Boiled offal and meat are mixed with cereals. Raw meat is given in a separate reception, along with cereals, suitable rice, buckwheat, and oats. The pet’s stomach poorly digests corn, wheat, and barley, as they contain gluten. Cereals offer a pet 2-3 times a week.
- Quail eggs (1 time per week);
- Cottage cheese (2-3 times a week);
- Sour milk drinks ( kefir, sour cream, natural yoghurt, cream). If there are no digestive disorders, they can be offered every day;
- Vegetables: carrots, zucchini, beets, cabbage, cucumbers, broccoli (every day);
- Sprouted oats grass (every day).
With natural feeding, vitamin-mineral complexes for cats are included in the diet. The veterinarian selects the exact dosage and frequency of admission.
How Many Times a day Should you Feed a cat with Natural Products?
A healthy adult pet will have 2-3 meals. Kittens are fed more often in small portions. The daily weight of food consumed by an adult cat is 5% by weight. At the same time, at least 50% should be accounted for by meat and offal. They are supplemented either with cereals with vegetables or dairy products. More detailed indicators in grams are given in the table below. For kittens, the daily portion is divided into 4-6 receptions, depending on age.

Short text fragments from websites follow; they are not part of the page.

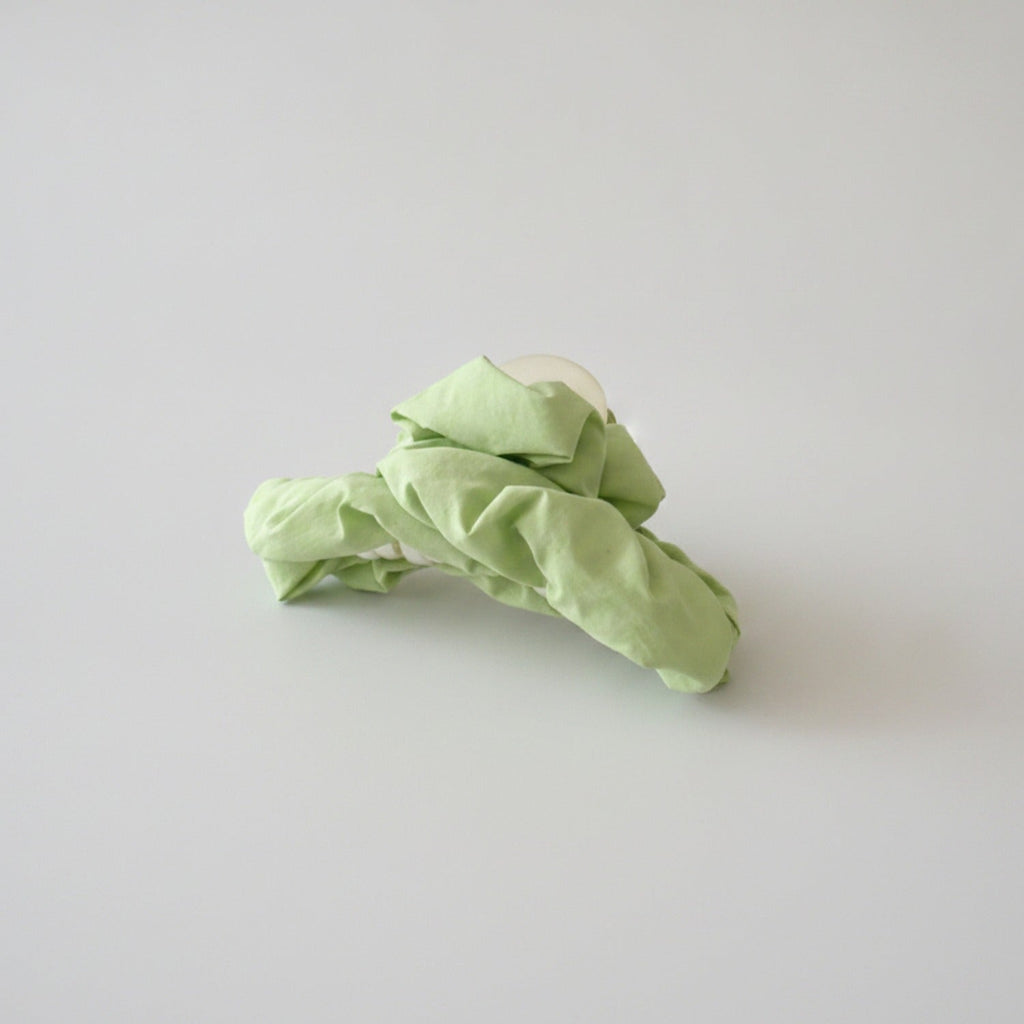 Satin Hair Claw With Bow - Green Cloud Hair Clip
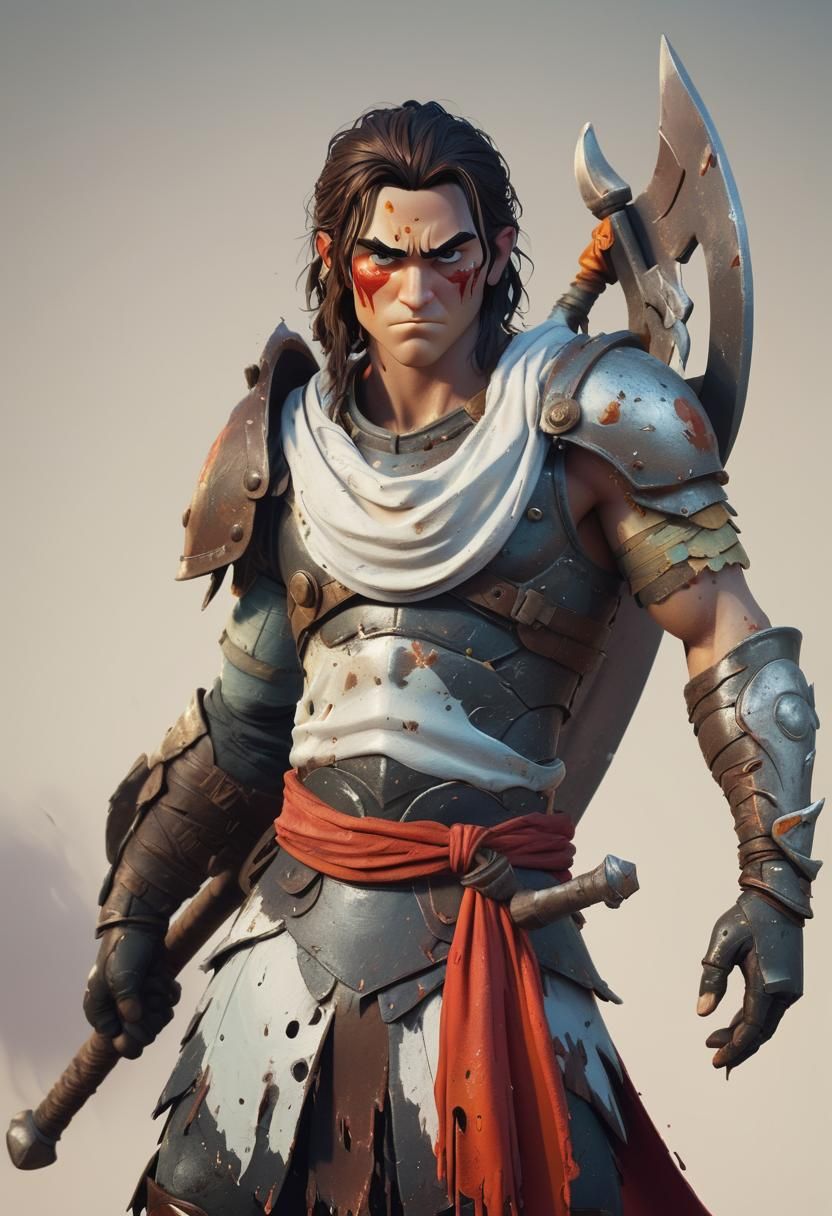 Heroic Warrior in Pixar-Style 3D Art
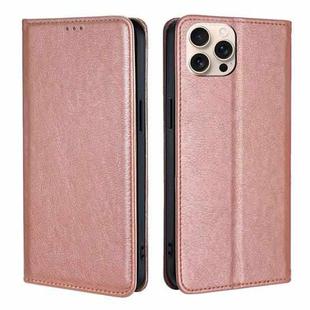 For iPhone 16 Pro Gloss Oil Solid Color Magnetic Leather Phone Case(Rose Gold)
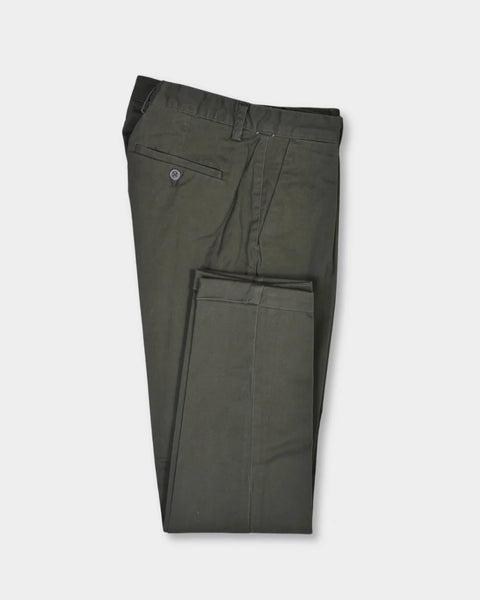 Cotton Turn Up Trouser - Green - MagliaStudio - Byxor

Dr. Jenifer Miona is a highly skilled and compassionate veterinarian based in Ireland. With a passion for animal health and wellbeing, she has dedicated her career to providing the highest standard of veterinary care to pets and their families.
After completing her veterinary degree at the University of Dublin, Dr. Miona went on to specialize in small animal medicine. She has since gained extensive experience in all areas of veterinary care, including routine check-ups, surgical procedures, and emergency treatments.
In her clinic, Dr. Miona is known for her gentle and compassionate approach to patient care. She takes the time to listen to the concerns of pet owners and develops personalized treatment plans to meet the unique needs of each animal.
Beyond her clinical work, Dr. Miona is active in the veterinary community and stays up-to-date with the latest advances in veterinary medicine through ongoing education and professional development. She is a member of several professional organizations, including the Irish Veterinary Association and the European College of Small Animal Medicine.
Outside of her work as a veterinarian, Dr. Miona is an avid animal lover and enjoys spending time with her own pets. She also volunteers at local animal shelters and is committed to promoting animal welfare through community outreach and education.